LFSPROShiny is an interactive R/Shiny application designed to perform risk prediction and visualization for Li-Fraumeni syndrome (LFS), a genetic disorder associated with TP53 mutations, enabling genetic counselors to assess patient risk profiles and support informed decision-making without the need for programming expertise.
November 9, 2023
Congratulations to the launch of Institute for Data Science in Oncology (IDSO) at MD Anderson!
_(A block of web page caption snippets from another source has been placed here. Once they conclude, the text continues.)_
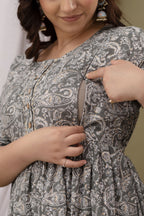 Beige Printed Pure Rayon Cotton Mateniry And Feeding Kurta
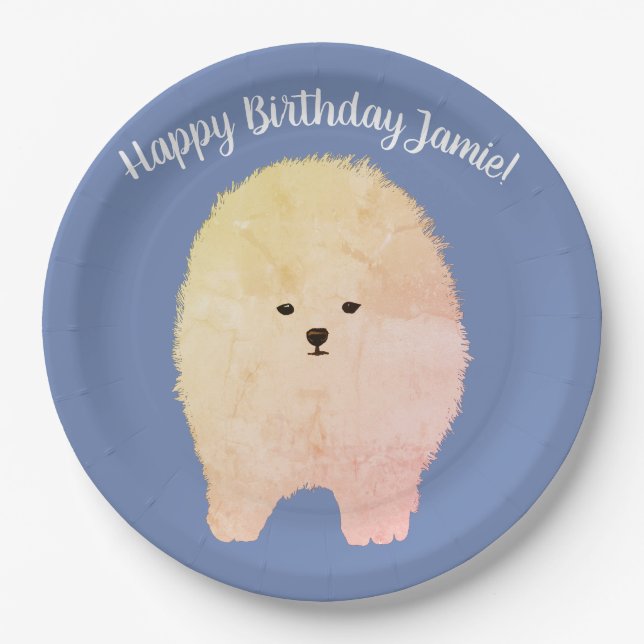 Pomeranian Dog,  Birthday Custom Paper Plates (Front)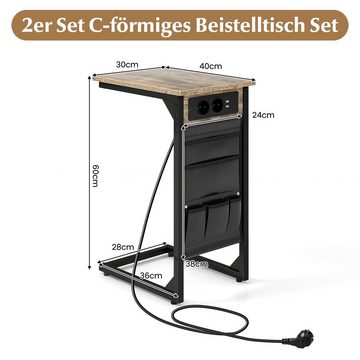 COSTWAY Beistelltisch (2er Set), mit Ladestation, USB Anschlüssen, C-Form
IDSO integrates the most advanced computational and data science approaches with the institution’s extensive scientific and clinical expertise, aiming to profoundly enhance patient lives by revolutionizing oncological care and research. Dr. Wang's lab is proudly affiliated with this pioneering initiative, dedicated to advancements in cancer care and research through innovative methodologies.
MD Anderson Media
MD Anderson Research Highlights for May 21, 2024
Novel algorithm achieves breakthrough speed in identifying genetic alterations in tumors
MD Anderson Research Highlights for April 12, 2024
Novel model uses clinical data to predict cancer risk for Li-Fraumeni syndrome
MD Anderson’s Institute for Data Science in Oncology announces appointment of inaugural IDSO Affiliates
MD Anderson's Institute for Data Science in Oncology (IDSO) announced the appointment of its inaugural cohort of IDSO Affiliates. These 33 talented scientists, clinicians and staff, including Wenyi Wang, Ph.D., bring diverse expertise to help IDSO leadership and focus area co-leads advance collaborative data science projects and align the institute’s efforts with MD Anderson’s mission to end cancer.
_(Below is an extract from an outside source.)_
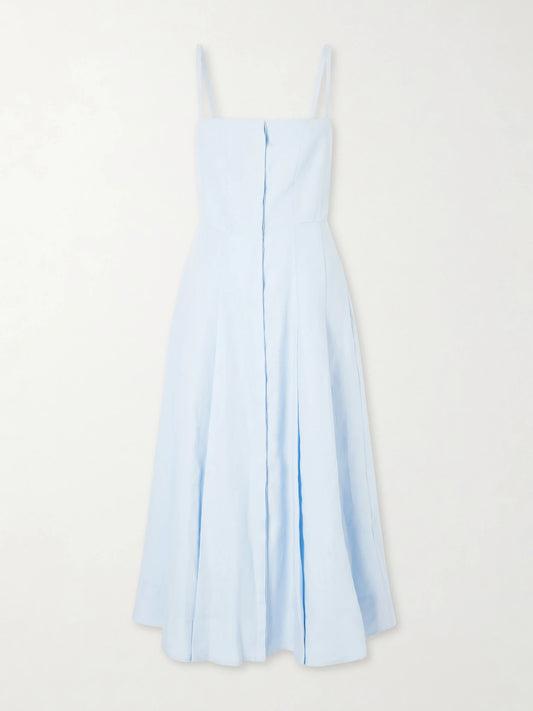 Image of Dresses. Product name - Magritte Linen Midi Dress in Sky blue colour by brand - Gabriela Hearst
Estimating tumor-specific total mRNA level predicts cancer outcomes
Researchers at MD Anderson have developed a new approach to quantify tumor-specific total mRNA levels from patient tumor samples, which contain both cancer and non-cancer cells. Using this technique on tumors from more than 6,500 patients across 15 cancer types, the researchers demonstrated that higher mRNA levels in cancer cells were associated with reduced patient survival.
Genetic diversity within tumors suggests continuous evolution
By analyzing tumors from more than 2,600 patients and from 38 cancer types, researchers from MD Anderson and fellow member institutions of the international Pan-Cancer Analysis of Whole Genomes Consortium have characterized the extensive genetic diversity across cancer and within individual tumors.